In order to address this lacuna, the Union Cabinet approved the Medical Termination of Pregnancy (Amendment) Bill, 2020, to amend the Medical Termination of Pregnancy Act, 1971. The bill requires further approval in the ensuing session of the Parliament to form a revised Act. The proposed amendments permit termination of pregnancy up to 20 weeks of gestation the opinion of one registered medical practitioner and for termination of pregnancy of 20-24 weeks of gestation opinion of two registered medical practitioners will be required. It further permits the upper gestation limit from 20 to 24 weeks for special categories of women which includes vulnerable women including survivors of rape, victims of incest and other vulnerable women (like differently abled women, minors) etc.

 Judicial Pronouncements & Way forward

Throwing some light on the timeline of Indian judiciary vis a vis the matter in hand we can see how far the Indian judiciary has come.

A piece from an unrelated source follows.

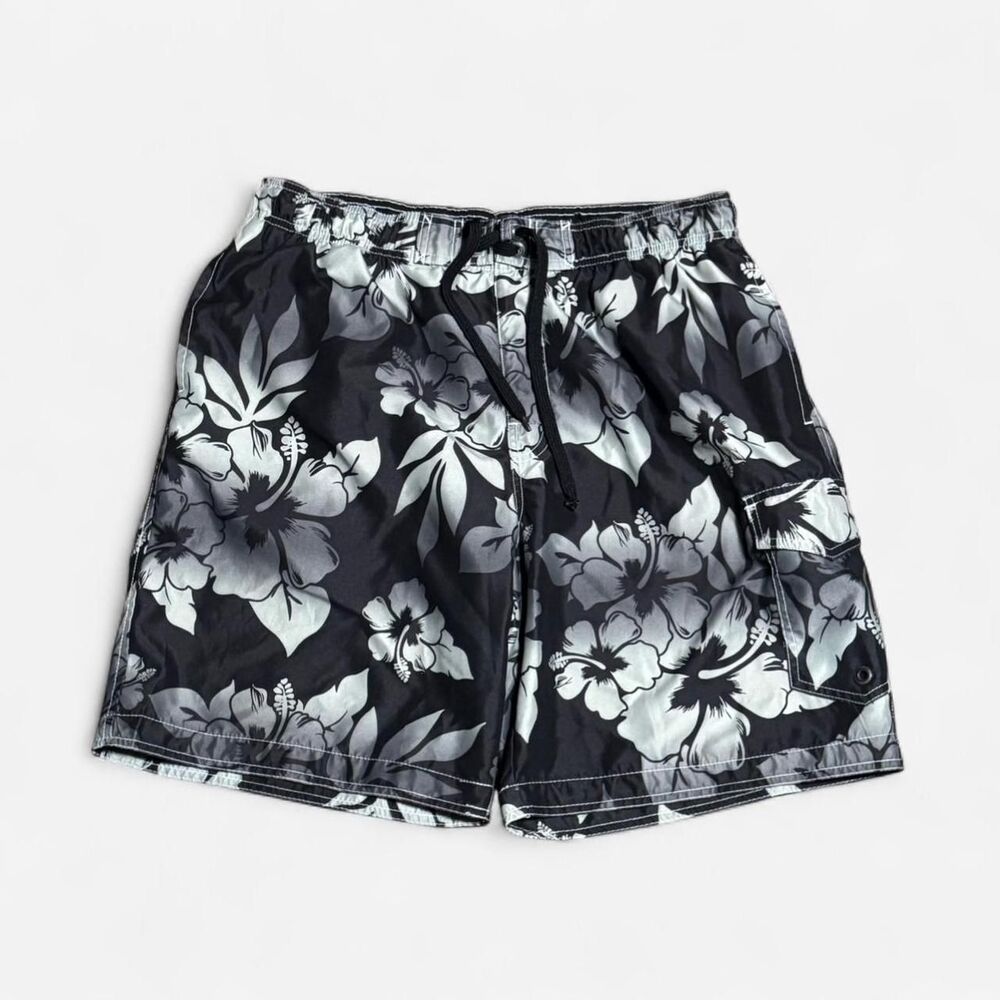 Sonoma black & white flower pattern Large size (waste 15in, length 20in)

 In 2009, the Hon’ble Supreme Court of India recognised freedom of women with respect to her reproductive choices under the ambit of “personal liberty” under Article 21 of Constitution.

In 2013, understanding the anguish and humiliation of a rape victim, the Hon’ble Madhya Pradesh High Court in the case of State of Madhya Suchita Srivastava & Anr v. Chandigarh Administration stated that the rape victims should not need any judicial authorisation in order to terminate the pregnancy caused due to the rape as it will cause grave injury to the victim.

 Court upheld the woman’s right to make reproductive choices as a dimension of ‘personal liberty’ as understood under Article 21 of the Constitution of India. The crucial consideration is that a woman’s right to privacy, dignity and bodily integrity should be respected. This means that there should be no restriction whatsoever on the exercise of reproductive choices such as a woman’s right to refuse participation in sexual activity or alternatively the insistence on use of contraceptive methods. In a true spirit of finding a logical conclusion, court upheld that the reproductive rights include a woman’s entitlement to carry a pregnancy to its full term, to give birth and to subsequently raise children.

 The recent judgement by the Hon’ble Rajasthan High Court in State of Rajasthan & Ors. v. S. & Anr Silverline the shadowed laws on reproductive choices in India & further empowers the rights of rape victim. The court noted that while directing that the rape victim shall deliver the child, the Single Bench failed to consider the fact that the personal liberty of reproductive choice. Indisputably, a woman’s right to privacy, dignity and bodily integrity is a fundamental right guaranteed by Article 21 of the Constitution of India. When the prospective child has been conceived as a result of rape, the eventuality has been held as causing grave injury to the mental health of a woman. The Rajasthan High Court held that the victim conceived because of the offence of sexual assault committed upon her and thus, the pregnancy was a forced one rather than it being of her choice. Victim will carry a stigma for the remainder of her life that the offspring born as a result of the ghastly offence of rape committed upon her therefore her request should have been acceded to over and above the right to life of the child yet to be born. The physical and mental trauma which the victim would have to suffer as a result of unwanted delivery, would significantly add to her woes and misery. The Hon’ble Rajasthan High Court in its judgement further speaks about the risk of early pregnancy and noted that a serious debate is going on to increase the valid age for marriage of a girl from 18 years to 21 years.

 In summary most advanced societies regard teenage pregnancy as being socially as well as medically unacceptable. At a time when there is a significant rise in rape cases, broken criminal justice system and systemic indifferences; judicial pronouncements are a beacon of hope for upholding and defending women’s reproductive rights.

 Adv. Ayushi Agarwal & Adv. Siddhant Mishra practice before the Lucknow Bench of Allahabad High Court.